What is Group Life Insurance?
More commonly known as Death in Service, Group Life Insurance is one of the most common employee benefits, that’s specifically designed to financially support an employee’s loved ones, should that employee sadly pass away.
Types of Group Life Cover
- Tax-free lump sum – Either a fixed amount or a multiple of an employee’s salary (typically 3x) which is paid to the employee’s dependant(s) in the event of their death.
- Death in Service pension – This is either a fixed amount or percentage of the employee’s salary, which is paid monthly to the dependant until their death. Often this can be given in addition to the lump sum or on its own.
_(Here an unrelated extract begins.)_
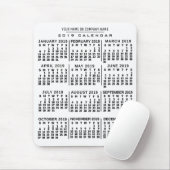 2019 Maandelijkse kalender Witte Aangepaste naam ( Muismat (Met muis)
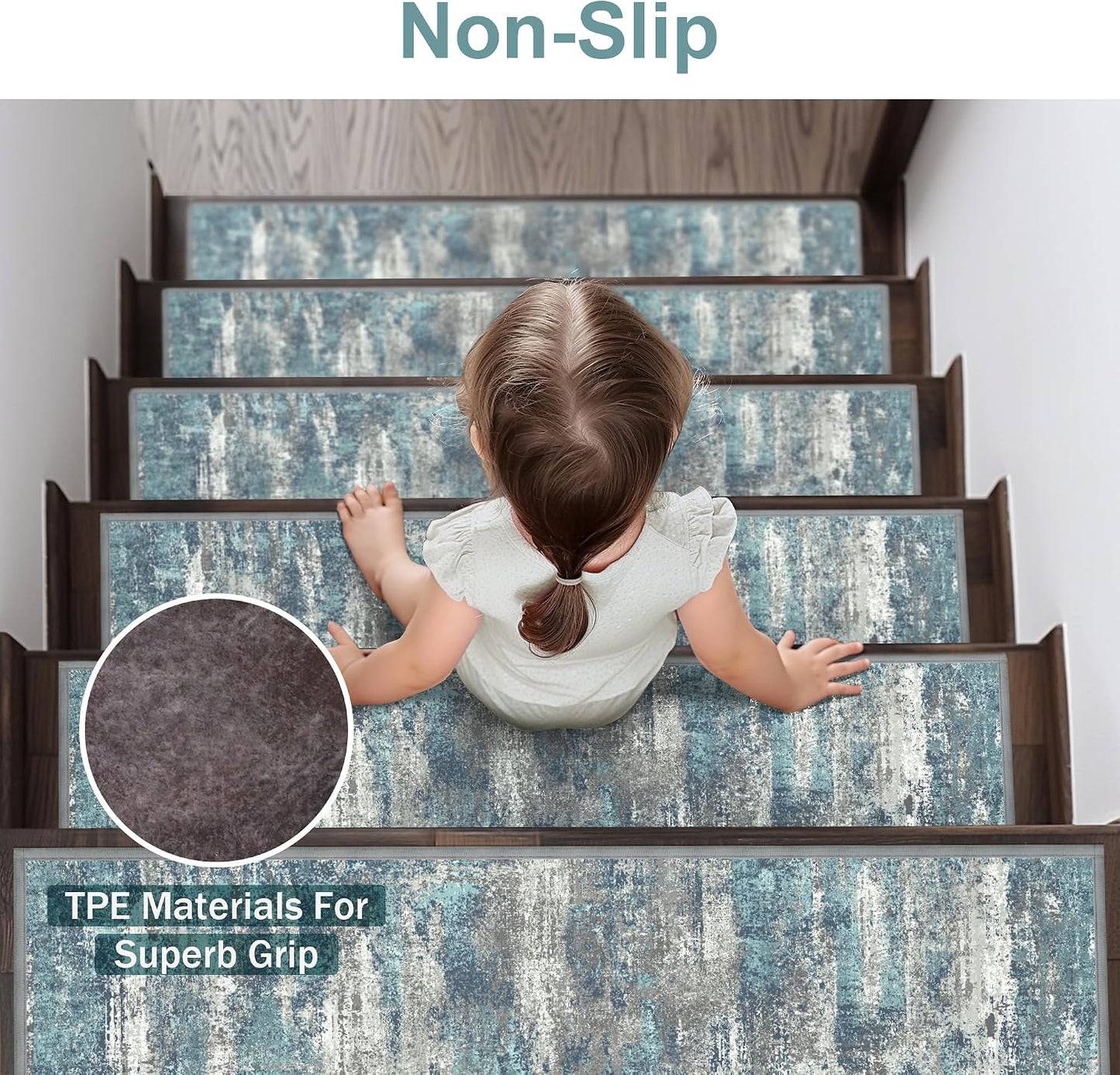 sarben Non Slip Stair Treads for Wooden Steps 15PCS - 8"x30" Indoor Safety Carpet, Edging Mats with TPE Adhesive Backing, Pet and Elderly Friendly Stair Rugs (Taupe) - Colors B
How a Group Life policy works
You can choose whether you want to offer this benefit to all your employees or just a specific area of the business, as well as the level of benefits provided. The policy is then either placed under a Trust that’s been set up by you or under the Insurer’s Master Trust.
There’s a common misconception with Group Life Insurance in that it’s expensive and it’s a taxable benefit for both employers and their staff. However, the premium you pay is considered as a business expense and is not seen as being a ‘benefit in kind’, making it a really affordable employee benefit.
Benefits as an employer
- Attracting and retaining talent – Offering Group Life Insurance shows that you really care about your employees and their families, which will make it easier to recruit and keep staff.
- Bespoke to your business – Group Life policies are designed to be flexible so you can create one that best suits you and your employees.
Benefits as an employee
- Peace of mind – With Group Life Insurance it gives your staff the reassurance, that should the worst happen, their loved ones are looked after.
- More than just money – There are typically other benefits included as part of a Group Life policy - e.g. Employee Assistance Programs, Bereavement and Probate support.